Registered: 09/19/06
Posts: 4665
A/S/L: Reston, Virginia USA
A full roller has a track that goes between the middle finger and the thumb through the center of the grip.

The reason it is not used much anymore other than for spares is that the ball will get into a roll too early and hit weak or over drive through the pins cutting down on the optimum strike roll.

Ideally the ball will skid as it comes off your hand, rotate to some degree perpendicular to the direction it is traveling. As the ball comes out of the oil it starts to grab the lane and lose axis rotation and will change directions to straight with the boards for about 3ft, then roll in the direction of the remaining axis rotation to the pins. As the ball is rolling to the pins it loses axis tilt, when all of the tilt is gone the ball is said to be "rolled out".

Full rollers don't have any axis tilt and they can only increase axis rotation but so much before they make the shot unplayable.

If you were to switch to a 3/4 roller where the ball tracks next to the fingers and thumb or as far as 1" away from them, then you would see an increase in the optimum roll area as the ball would then have some axis tilt to lose before rolling out.

What causes a full roller is a clock wise rotation of the hand at the point of release.

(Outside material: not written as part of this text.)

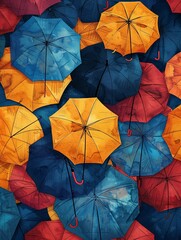 Create wallpaper adorned with colorful umbrellas for a rainyday themed party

As the thumb exits the ball the fingers rotate slightly clockwise (right handed) and throw the thumb out into the track. If you rotate your hand counter clockwise (right handed) you would pull the thumb away from the track.

Full roller drilling do not affect the movement of the ball, they only help prevent the ball from flaring over the holes by making it flare backwards away from the thumb.

#105425 - 10/16/09 09:27 AM Re: Another full roller question [Re: CoachJim]
Dennis Michael Online   jestera
Virtual League Champion

Registered: 12/11/05
Posts: 9681
A/S/L: M/Barrington, Ill
Back in the days of shellac lanes, bowlers had to affect the ball to hook, and the Full-roller was the best way to do it. Balls didn't have offset weights as they do today, but just a pancake weight on the top, where the finger holes would be drilled. So, where today's balls are hooked by the placement of the internal weight and the cover, yesterday's balls were hooked by the finger manipulation at the release.

The full-roller release was the favored way to produce a hook. The ball was released with the thumb and the middle finger at the same time. At the release, the fingers imparted a side rotation. This gave the ball a full rotation that tracked between the thumb and fingers, but it had very little tilt, if any. Additional hook was given by manipulating the fingers to turn the axis of rotation. Many full-roller bowlers developed calluses on the index finger sides of their finger nails and the inside of their thumbs in trying to hook balls this way. The hand had the thumb at 10 o'clock and the fingers at 3. Bowler's hands used to be ugly and disfigured because of these calluses. Bowlers like [censored] Hoover were successful with this release, causing the ball to have a down and in trajectory, but fairly straight into the pocket.

When lacquer replaced shellac, the full rollers couldn't roll a hook, no matter what they did. They would fold their fingers at the release, and go into a finger snapping motion to get it to hook. Others rotated their hands radically which caused the ball to spin more.

As offset weights became popular, many full rollers developed more side turn and finger hits on the ball to maintain their hook. Billy Golembiewski is an example of this. His track actually moved to outside of the middle finger and inside of the thumb on an angle.

Yes, the full roller track rolls the entire length on the ball surface, and between the thumb and the fingers. If a full roller were to use any conventional finger placement on today's offset weighted balls, the track would be over the finger holes.

John Jowdy calls the full roller one of the 7 ineffective rolls for a strike ball, along with the back up, full spinner and fingers first, end over end, with little hitting power and deflection.